> Problem: All entries must be extracted exactly, with nothing added or dropped.

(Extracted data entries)
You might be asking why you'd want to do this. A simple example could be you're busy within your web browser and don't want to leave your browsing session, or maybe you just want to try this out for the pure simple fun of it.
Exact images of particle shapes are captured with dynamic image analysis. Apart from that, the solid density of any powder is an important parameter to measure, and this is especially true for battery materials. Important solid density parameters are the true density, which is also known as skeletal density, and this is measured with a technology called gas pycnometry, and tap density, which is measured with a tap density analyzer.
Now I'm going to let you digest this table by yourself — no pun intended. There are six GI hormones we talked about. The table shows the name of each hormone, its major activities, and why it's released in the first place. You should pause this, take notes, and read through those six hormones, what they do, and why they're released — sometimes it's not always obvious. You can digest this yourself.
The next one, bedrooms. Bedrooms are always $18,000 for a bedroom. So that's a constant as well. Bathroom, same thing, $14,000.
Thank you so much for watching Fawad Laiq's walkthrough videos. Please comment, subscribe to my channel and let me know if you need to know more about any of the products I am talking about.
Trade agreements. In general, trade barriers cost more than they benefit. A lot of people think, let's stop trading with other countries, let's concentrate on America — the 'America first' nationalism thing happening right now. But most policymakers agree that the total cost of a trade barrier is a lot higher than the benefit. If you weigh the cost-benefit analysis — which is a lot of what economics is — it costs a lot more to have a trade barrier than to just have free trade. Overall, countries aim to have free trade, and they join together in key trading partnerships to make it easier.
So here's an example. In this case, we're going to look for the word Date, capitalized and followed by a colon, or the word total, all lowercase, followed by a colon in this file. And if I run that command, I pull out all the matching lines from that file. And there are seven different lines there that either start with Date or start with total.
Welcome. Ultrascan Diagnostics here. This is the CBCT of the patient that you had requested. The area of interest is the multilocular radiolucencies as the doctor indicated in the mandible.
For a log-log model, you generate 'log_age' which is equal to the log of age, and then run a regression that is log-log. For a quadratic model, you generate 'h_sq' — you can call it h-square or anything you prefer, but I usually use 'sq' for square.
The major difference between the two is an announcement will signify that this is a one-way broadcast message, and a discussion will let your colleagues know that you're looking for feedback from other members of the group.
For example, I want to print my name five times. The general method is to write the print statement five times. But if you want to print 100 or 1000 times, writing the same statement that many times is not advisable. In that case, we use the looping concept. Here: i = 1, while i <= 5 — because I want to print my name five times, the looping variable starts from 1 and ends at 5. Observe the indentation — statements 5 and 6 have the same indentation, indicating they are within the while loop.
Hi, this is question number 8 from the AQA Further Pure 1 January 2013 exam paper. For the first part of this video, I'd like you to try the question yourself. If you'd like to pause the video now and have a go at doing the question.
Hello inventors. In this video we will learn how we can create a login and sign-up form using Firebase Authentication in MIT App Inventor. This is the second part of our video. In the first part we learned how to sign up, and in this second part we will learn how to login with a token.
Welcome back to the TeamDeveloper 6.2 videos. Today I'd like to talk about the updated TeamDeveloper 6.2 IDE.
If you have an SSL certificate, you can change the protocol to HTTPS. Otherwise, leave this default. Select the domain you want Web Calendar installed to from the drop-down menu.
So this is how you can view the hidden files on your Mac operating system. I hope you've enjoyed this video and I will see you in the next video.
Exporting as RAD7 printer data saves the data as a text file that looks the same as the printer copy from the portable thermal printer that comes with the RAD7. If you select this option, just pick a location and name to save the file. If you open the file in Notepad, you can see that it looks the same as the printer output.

> Written reply:
You might be asking why you'd want to do this. A simple example could be you're busy within your web browser and don't want to leave your browsing session, or maybe you just want to try this out for the pure simple fun of it.
Exact images of particle shapes are captured with dynamic image analysis. Apart from that, the solid density of any powder is an important parameter to measure, and this is especially true for battery materials. Important solid density parameters are the true density, which is also known as skeletal density, and this is measured with a technology called gas pycnometry, and tap density, which is measured with a tap density analyzer.
Now I'm going to let you digest this table by yourself — no pun intended. There are six GI hormones we talked about. The table shows the name of each hormone, its major activities, and why it's released in the first place. You should pause this, take notes, and read through those six hormones, what they do, and why they're released — sometimes it's not always obvious. You can digest this yourself.
The next one, bedrooms. Bedrooms are always $18,000 for a bedroom. So that's a constant as well. Bathroom, same thing, $14,000.
Thank you so much for watching Fawad Laiq's walkthrough videos. Please comment, subscribe to my channel and let me know if you need to know more about any of the products I am talking about.
Trade agreements. In general, trade barriers cost more than they benefit. A lot of people think, let's stop trading with other countries, let's concentrate on America — the 'America first' nationalism thing happening right now. But most policymakers agree that the total cost of a trade barrier is a lot higher than the benefit. If you weigh the cost-benefit analysis — which is a lot of what economics is — it costs a lot more to have a trade barrier than to just have free trade. Overall, countries aim to have free trade, and they join together in key trading partnerships to make it easier.
So here's an example. In this case, we're going to look for the word Date, capitalized and followed by a colon, or the word total, all lowercase, followed by a colon in this file. And if I run that command, I pull out all the matching lines from that file. And there are seven different lines there that either start with Date or start with total.
Welcome. Ultrascan Diagnostics here. This is the CBCT of the patient that you had requested. The area of interest is the multilocular radiolucencies as the doctor indicated in the mandible.
For a log-log model, you generate 'log_age' which is equal to the log of age, and then run a regression that is log-log. For a quadratic model, you generate 'h_sq' — you can call it h-square or anything you prefer, but I usually use 'sq' for square.
The major difference between the two is an announcement will signify that this is a one-way broadcast message, and a discussion will let your colleagues know that you're looking for feedback from other members of the group.
For example, I want to print my name five times. The general method is to write the print statement five times. But if you want to print 100 or 1000 times, writing the same statement that many times is not advisable. In that case, we use the looping concept. Here: i = 1, while i <= 5 — because I want to print my name five times, the looping variable starts from 1 and ends at 5. Observe the indentation — statements 5 and 6 have the same indentation, indicating they are within the while loop.
Hi, this is question number 8 from the AQA Further Pure 1 January 2013 exam paper. For the first part of this video, I'd like you to try the question yourself. If you'd like to pause the video now and have a go at doing the question.
Hello inventors. In this video we will learn how we can create a login and sign-up form using Firebase Authentication in MIT App Inventor. This is the second part of our video. In the first part we learned how to sign up, and in this second part we will learn how to login with a token.
Welcome back to the TeamDeveloper 6.2 videos. Today I'd like to talk about the updated TeamDeveloper 6.2 IDE.
If you have an SSL certificate, you can change the protocol to HTTPS. Otherwise, leave this default. Select the domain you want Web Calendar installed to from the drop-down menu.
So this is how you can view the hidden files on your Mac operating system. I hope you've enjoyed this video and I will see you in the next video.
Exporting as RAD7 printer data saves the data as a text file that looks the same as the printer copy from the portable thermal printer that comes with the RAD7. If you select this option, just pick a location and name to save the file. If you open the file in Notepad, you can see that it looks the same as the printer output.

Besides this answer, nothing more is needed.